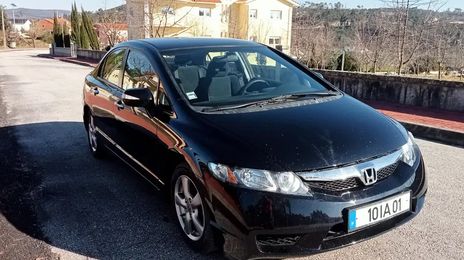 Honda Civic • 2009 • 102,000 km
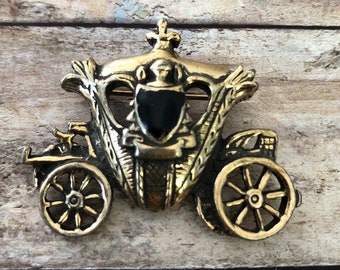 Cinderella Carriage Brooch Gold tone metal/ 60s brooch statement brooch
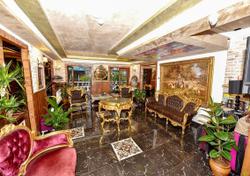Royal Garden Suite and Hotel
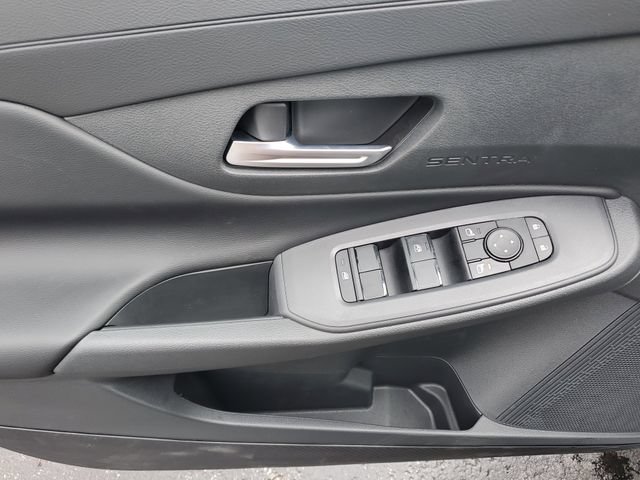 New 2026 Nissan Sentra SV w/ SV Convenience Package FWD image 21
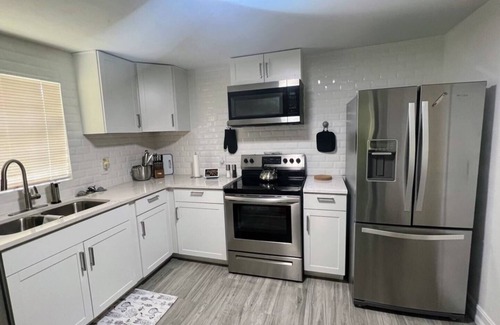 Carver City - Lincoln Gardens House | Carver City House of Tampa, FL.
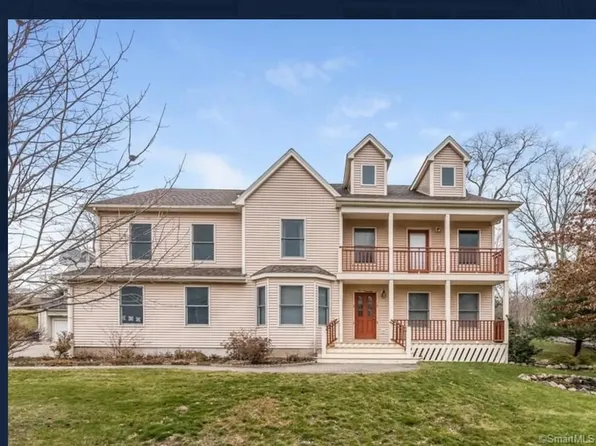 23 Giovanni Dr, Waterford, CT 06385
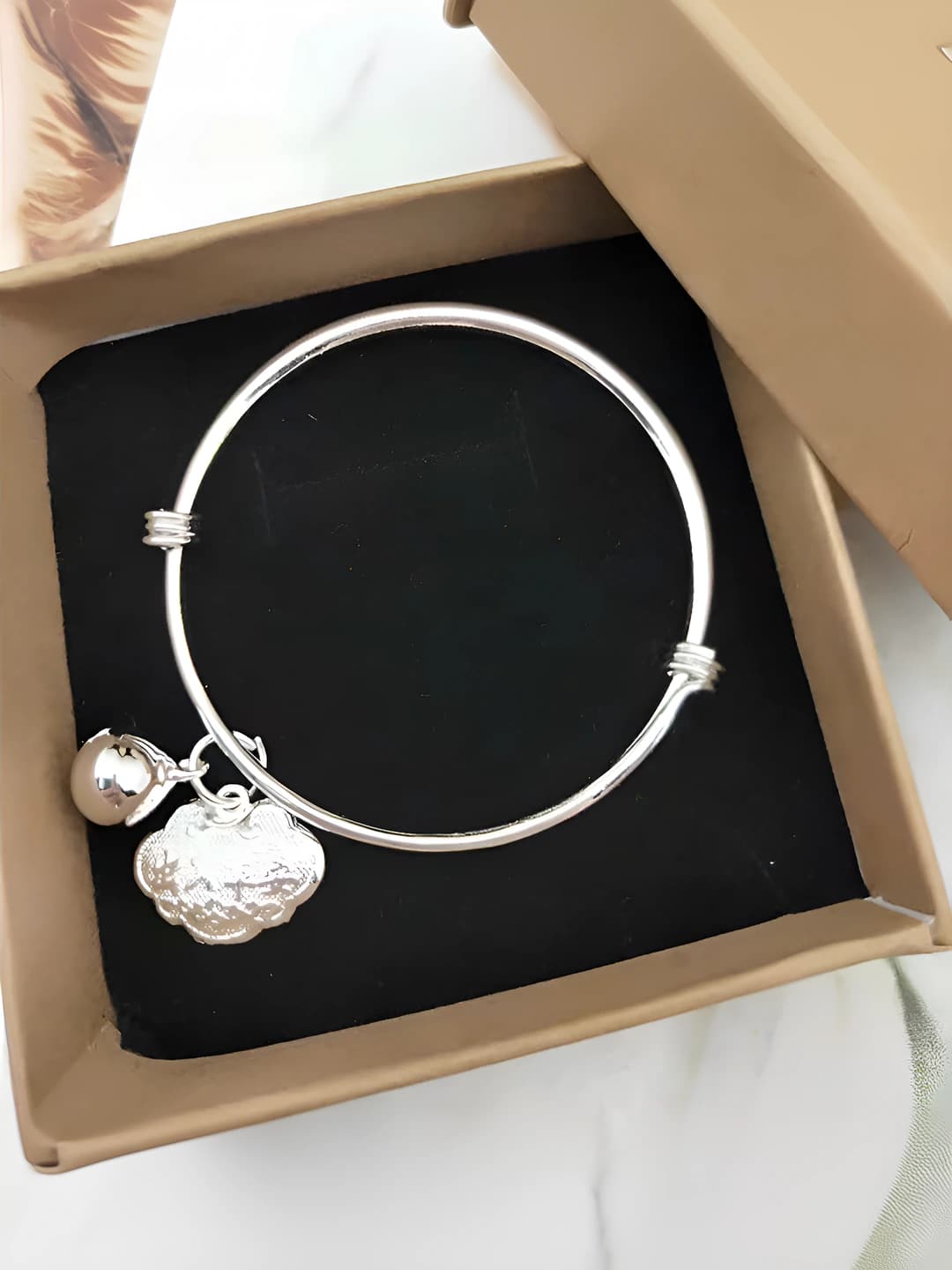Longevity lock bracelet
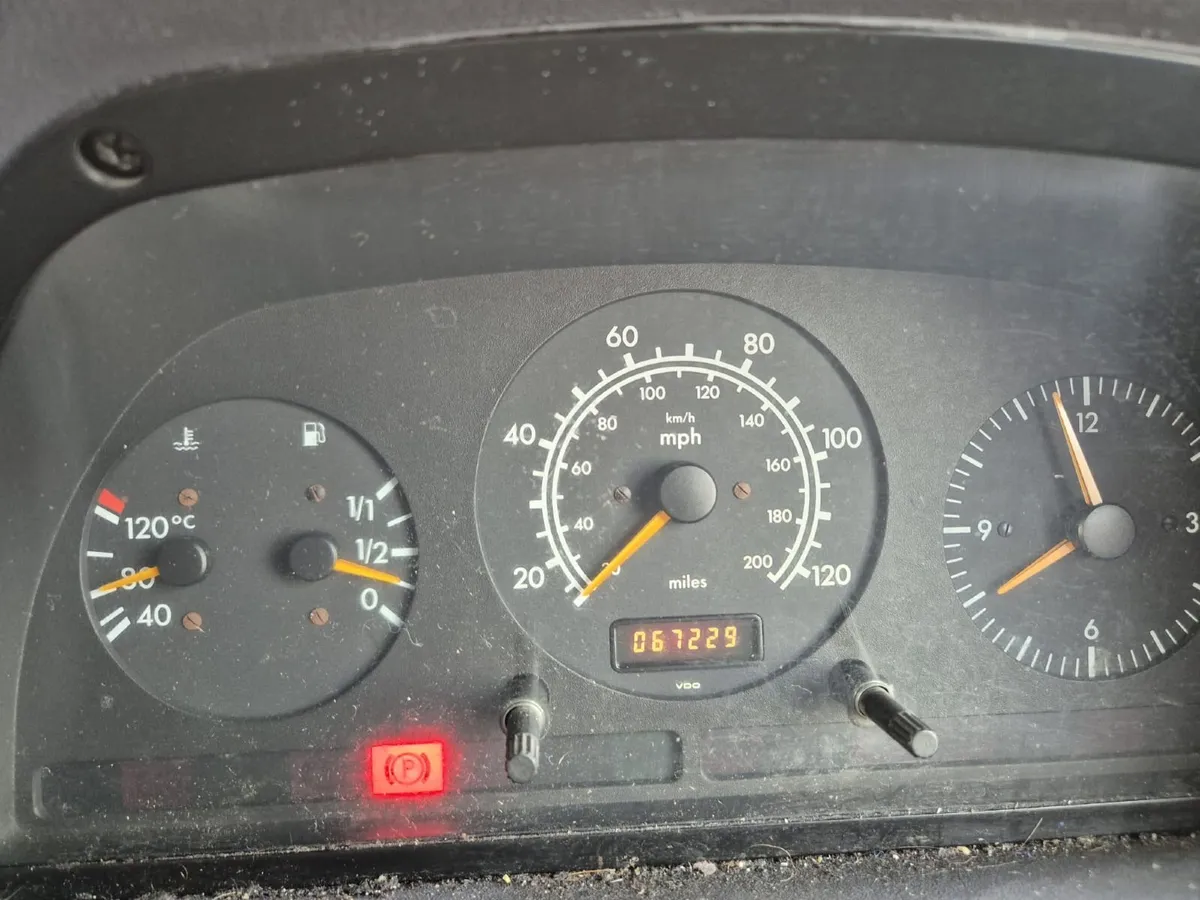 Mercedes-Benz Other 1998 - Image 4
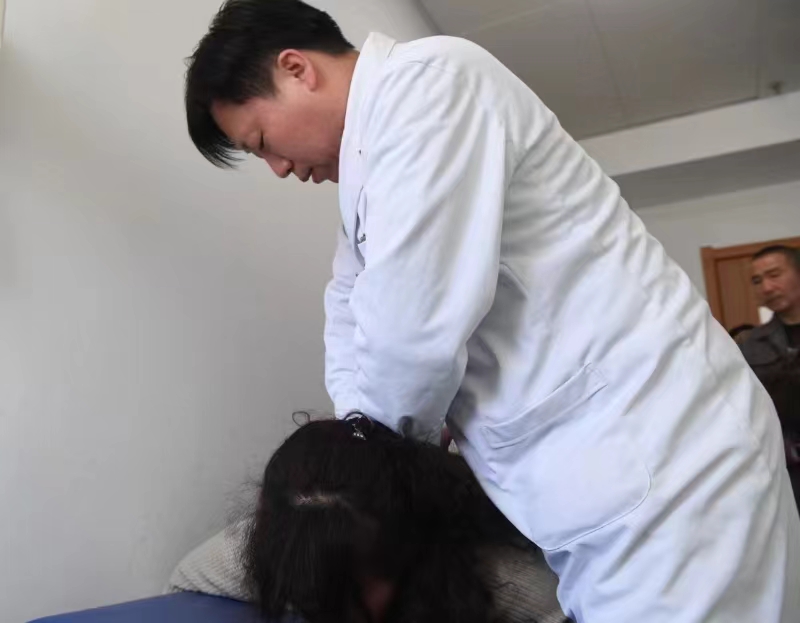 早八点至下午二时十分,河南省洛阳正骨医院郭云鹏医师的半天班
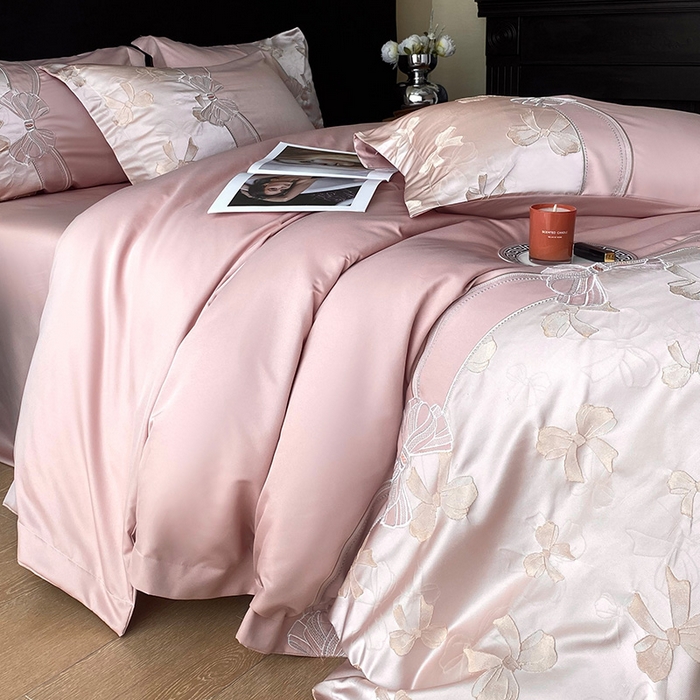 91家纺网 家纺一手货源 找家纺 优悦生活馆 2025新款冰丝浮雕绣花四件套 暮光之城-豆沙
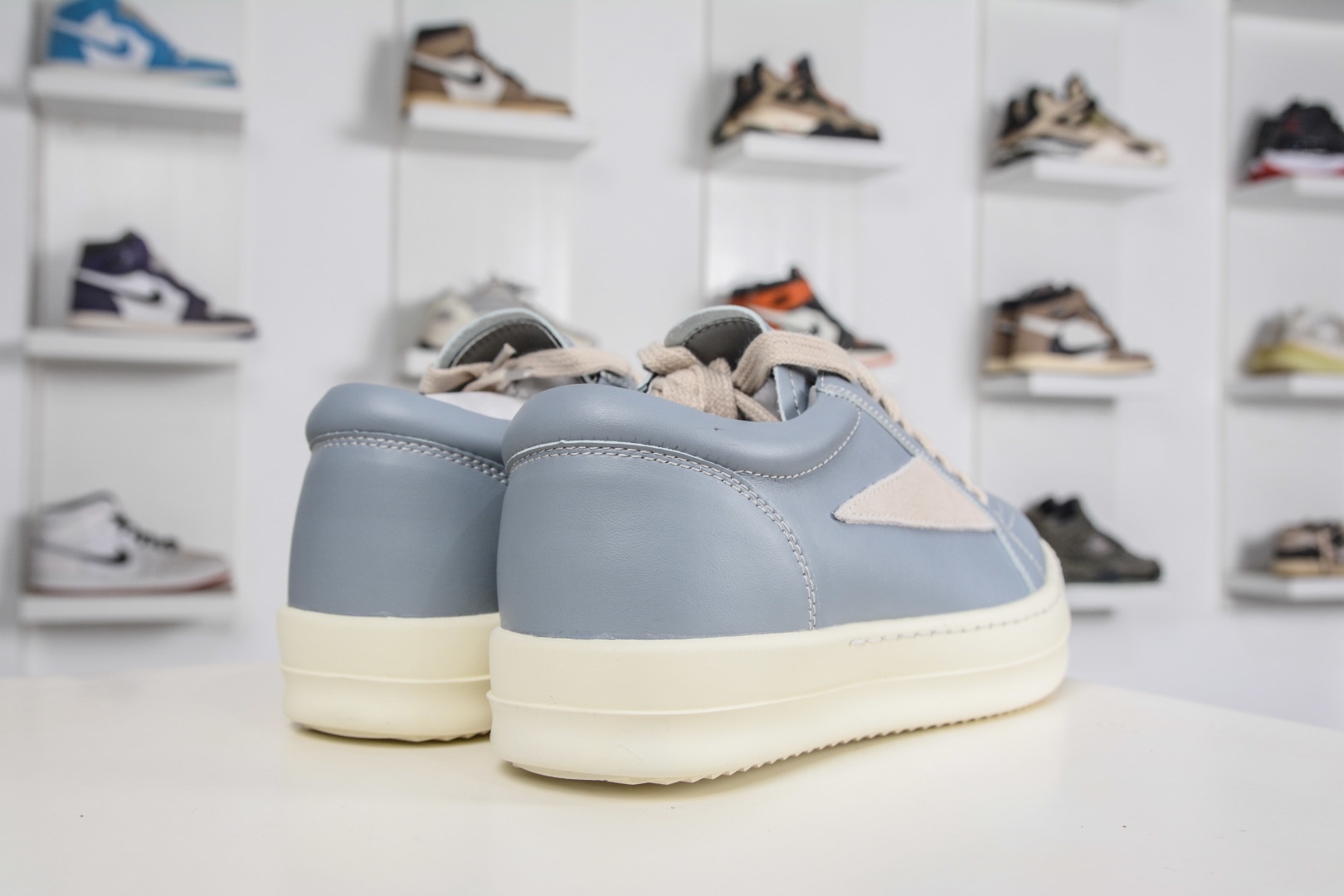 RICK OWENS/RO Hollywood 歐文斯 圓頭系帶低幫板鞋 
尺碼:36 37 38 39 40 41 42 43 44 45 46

• • • •

> [PROBLEM DESCRIPTION]:
If an entry above holds a picture, omit the picture but retype everything else exactly.

> [YOUR RESPONSE]:
 Honda Civic • 2009 • 102,000 km
 Cinderella Carriage Brooch Gold tone metal/ 60s brooch statement brooch
Royal Garden Suite and Hotel
 New 2026 Nissan Sentra SV w/ SV Convenience Package FWD image 21
 Carver City - Lincoln Gardens House | Carver City House of Tampa, FL.
 23 Giovanni Dr, Waterford, CT 06385
Longevity lock bracelet
 Mercedes-Benz Other 1998 - Image 4
 早八点至下午二时十分,河南省洛阳正骨医院郭云鹏医师的半天班
 91家纺网 家纺一手货源 找家纺 优悦生活馆 2025新款冰丝浮雕绣花四件套 暮光之城-豆沙
 RICK OWENS/RO Hollywood 歐文斯 圓頭系帶低幫板鞋 
尺碼:36 37 38 39 40 41 42 43 44 45 46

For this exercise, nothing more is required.